This is a real peril seriously threatening. It is probably far more grave
and far more likely than the best-informed and keenest observer is aware

A Powerless Christianity.

Then there is a second danger climbing in fast on the heels of this, that
is already being plainly felt. These peoples may turn away from a
Christianity that seems powerless to them. As they come to know better
the simple principles of our faith they may see that we are not true to
it. Our Master bade us go everywhere and tell all men of Him, and tell
them most and best by the way we live. But we haven't done it. The Church
of the past nineteen centuries, taken as a whole, hasn't done it. The
Church to-day, taken as a whole, isn't doing it.

How many times have the missionaries been obliged to listen to the
question, which is a reproach rather than a question, "Why didn't you come
before? My father lived and died in distress, seeking for this light you
bring us now. Why didn't your father come and tell my father?" If they
find that our faith hasn't gripped us enough to master our lives they
will naturally doubt if, after all, there is any more real practical
power in it than in their own heathen beliefs.

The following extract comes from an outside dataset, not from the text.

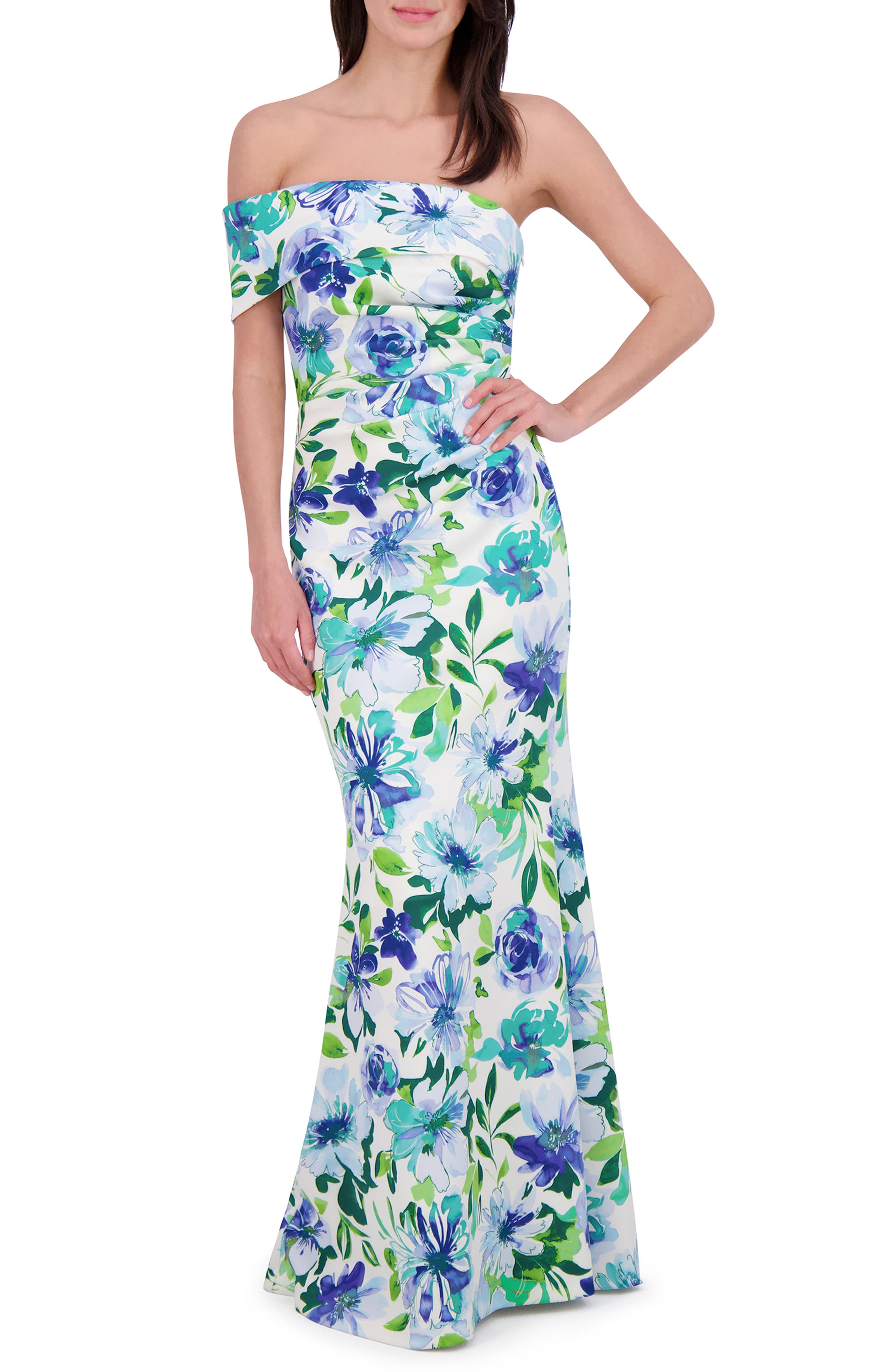 Eliza J Floral One Shoulder Trumpet Gown in Blue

It seems better in theory, but it seems to lose its ideals in the stiff
test of practice. They would be wrong in thinking that, of course. But
what conclusion more natural to the crowd that never thinks deep. When all
the difficulties and hardships come in the way of their acceptance of
Christ, and the easiest way is not to, how easy to throw the whole thing

The story is told of a Chinaman in this country who applied for a position
as house-servant in a family which belonged to a fashionable church. He
was asked:

"Do you drink whiskey?"

"No, I Clistian man."

"Do you play cards?"

"No, I Clistian man."

He was engaged, and proved to be a capable servant. By and by the lady
gave a bridge-party, with wine accompaniments. The Chinaman did his part
acceptably, but the next morning he appeared before his mistress.

"I want quit," he said.

"Why? What is the matter?"

"I Clistian man. I told you so before; no heathen; no workee for 'Melican

These heathen brothers of ours are not fools. They are a keen lot. They
judge our religion by us who profess it, as we do with them and theirs.
There may come a wide-spread practical disbelief, or lack of belief, that
there is any practical power in Christ to change a man's life, and really
control his actions. And it will be a perfectly logical conclusion from
what they find in us Christian nations as a whole.

Death or Deep Water.

And then there are some mighty bad dangers on the other side - our side.
If it be true that every generation needs the Gospel, it is just as true
that every generation of Christians needs to give the Gospel. It is the
very life of a Christian to give himself out in earnest service for
others. The man who is failing there has started on the down grade in his
Christian life. If we lose the spirit of "go" we have lost the very
Christian spirit itself. A disobedient church will become a dead church.
It will die of heart failure.

It was John's Man with eyes of searching flame, and tongue of keen-edged
sword, and feet that had been through the fire, who said to a Christian
church, "I will move thy candlestick out of its place except thou change
thy ways."[12] The candlestick isn't the light. It holds the light. The
Church's great mission is to be the world's light-holder.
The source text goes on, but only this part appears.